***** MATERIAL SHOWN *****

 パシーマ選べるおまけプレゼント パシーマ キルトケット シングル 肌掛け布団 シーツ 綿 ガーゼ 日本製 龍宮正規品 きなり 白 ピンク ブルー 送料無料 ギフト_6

*****
***** MATERIAL SHOWN *****

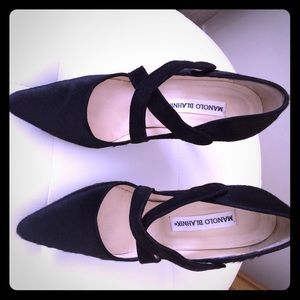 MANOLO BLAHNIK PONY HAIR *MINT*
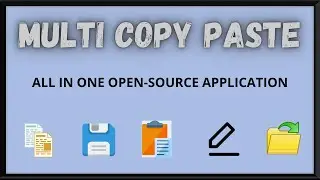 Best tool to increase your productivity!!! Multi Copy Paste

*****

▶ EXERCISE AIM: Within the entries above, give again exactly the lines starting at the one that contains "MANOLO BLAHNIK PONY HAIR *MINT*" and ending at the one that contains "Best tool to", leaving out the pictures.

▶ SOLUTION FOR THIS EXERCISE:
 MANOLO BLAHNIK PONY HAIR *MINT*
 Best tool to increase your productivity!!! Multi Copy Paste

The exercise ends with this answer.